C’est au palais de Koulouba, à Bamako, que l’annonce de la mise sur pied de l’Alliance des États du Sahel (AES) a été faite en premier par Abdoulaye Diop, le ministre malien des Affaires étrangères, dans un point de presse donné en présence des délégations ministérielles des pays concernés.

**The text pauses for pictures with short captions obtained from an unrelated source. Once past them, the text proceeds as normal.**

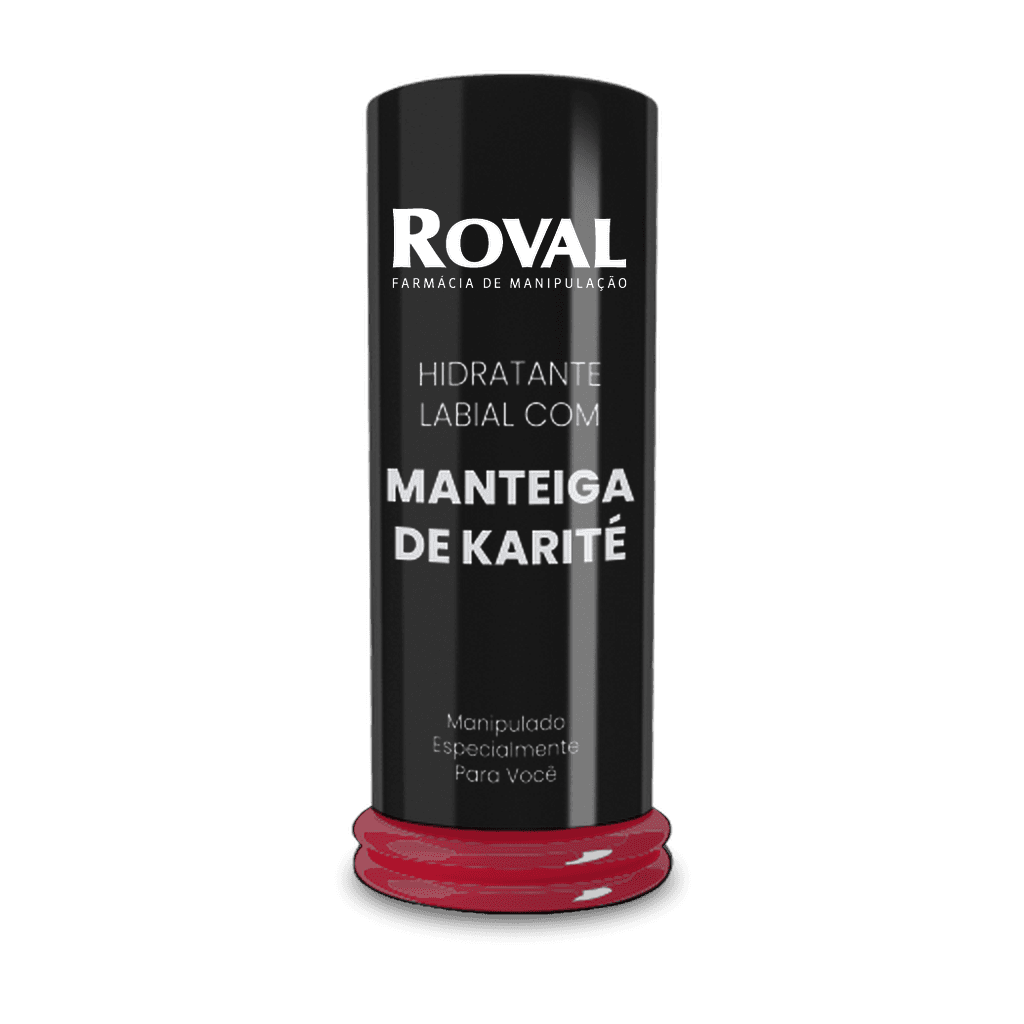 Manteiga de Karité (2%)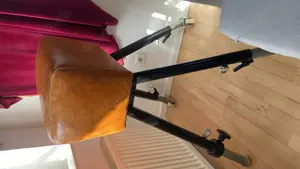 Stabiler Turnbock für BDSM  Bild 4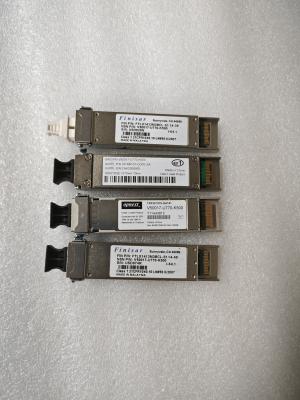 Chine Nokia Siemens V50017-U770-K500 SFP+ Compatible TAA 10GBase-LR Transcepteur XFP à faible puissance (SMF, 1310nm, 10km, LC, DOM) à vendre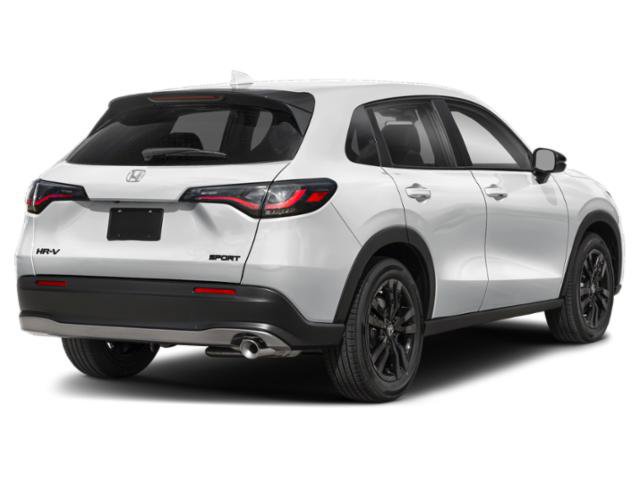 Used 2027 Honda HR-V Sport image 2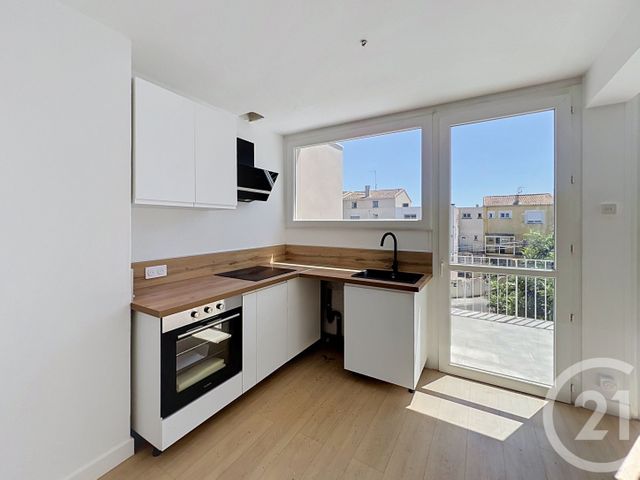 Maison &agrave; vendre - 4 pi&egrave;ces - 66,54 m2 - Agde - 34 - LANGUEDOC-ROUSSILLON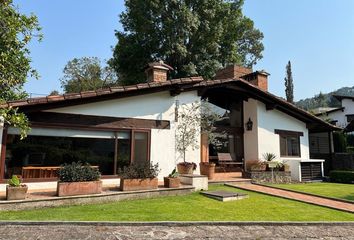 Casa en condominio en  Calle Del Río 21, Avandaro, Valle De Bravo, Valle De Bravo, México, 51200, Mex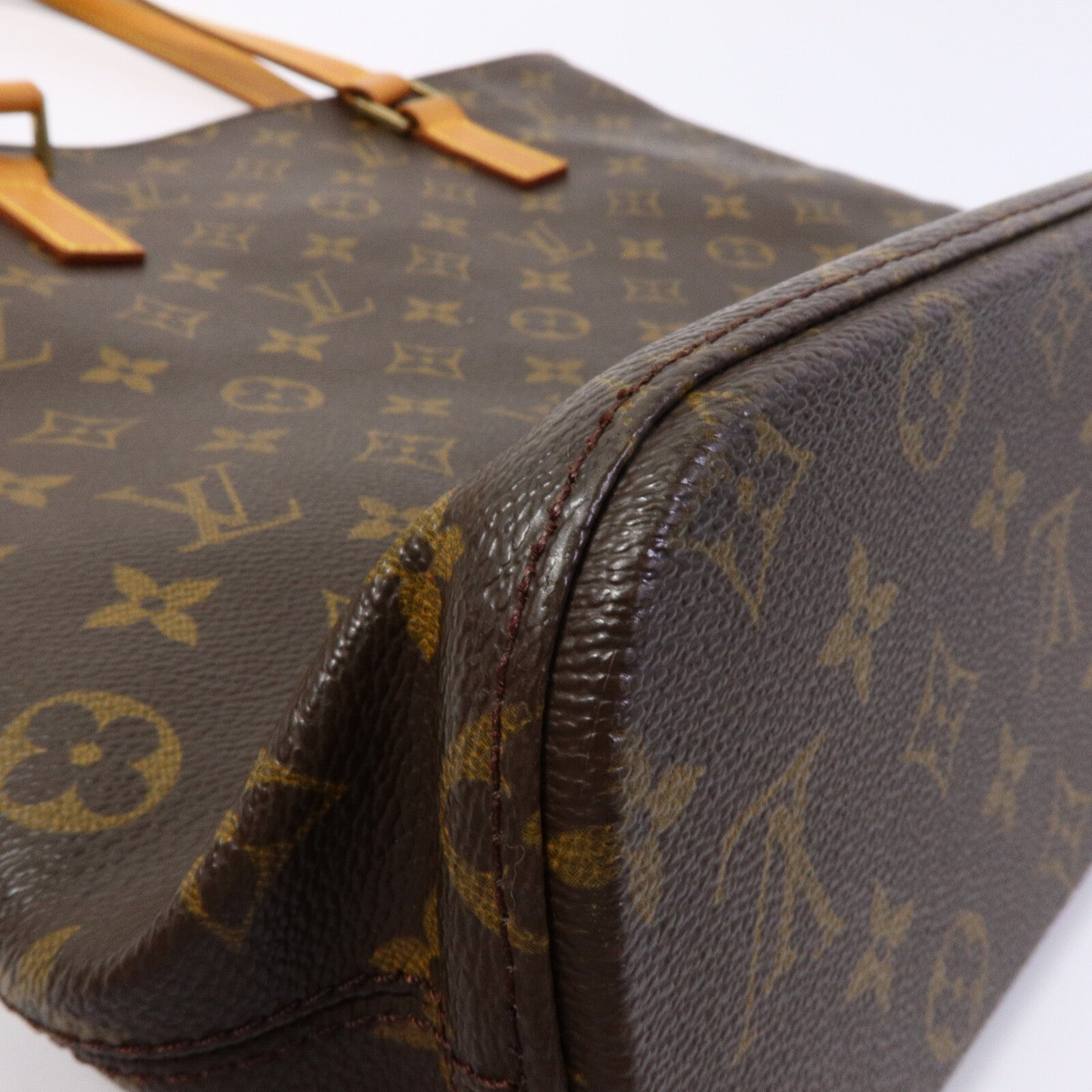 LOUIS VUITTON Monogram Vavin GM手挽袋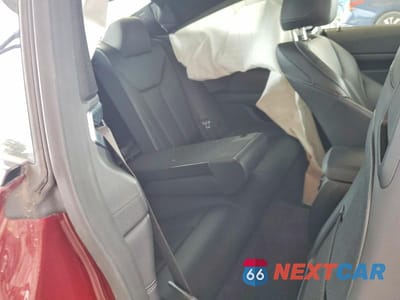 Zdjęcie 10 z 12 samochodu: 2022 BMW M440I VIN:WBA83AP02NCH72317 - miniatura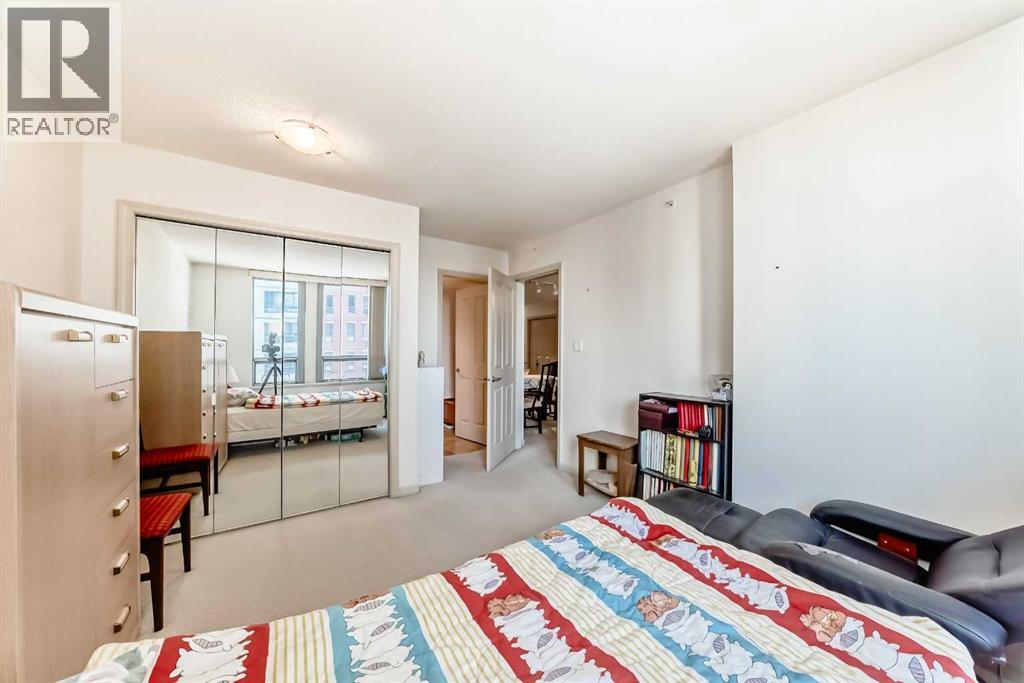 602, 650 10 Street Sw, Calgary, Alberta  T2P 5G4 - Photo 16 - A2277059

Puis en parfaite synchronisation, les comptes sur X (ex-Twitter) du colonel Assimi Goïta du Mali, de la Présidence nigérienne désormais au service du général Abdourahamane Tiani et du capitaine Ibrahim Traoré du Burkina Faso ont chacun fait une publication sur l’entente tripartite. « J’ai signé ce jour (16 septembre) avec les chefs d’État du Burkina Faso et du Niger la charte du Liptako-Gourma instituant l’Alliance des États du Sahel avec l’objectif d’établir une architecture de défense collective et d’assistance mutuelle au bénéfice de nos populations », a tout d’abord déclaré dans ledit réseau social le président malien de transition.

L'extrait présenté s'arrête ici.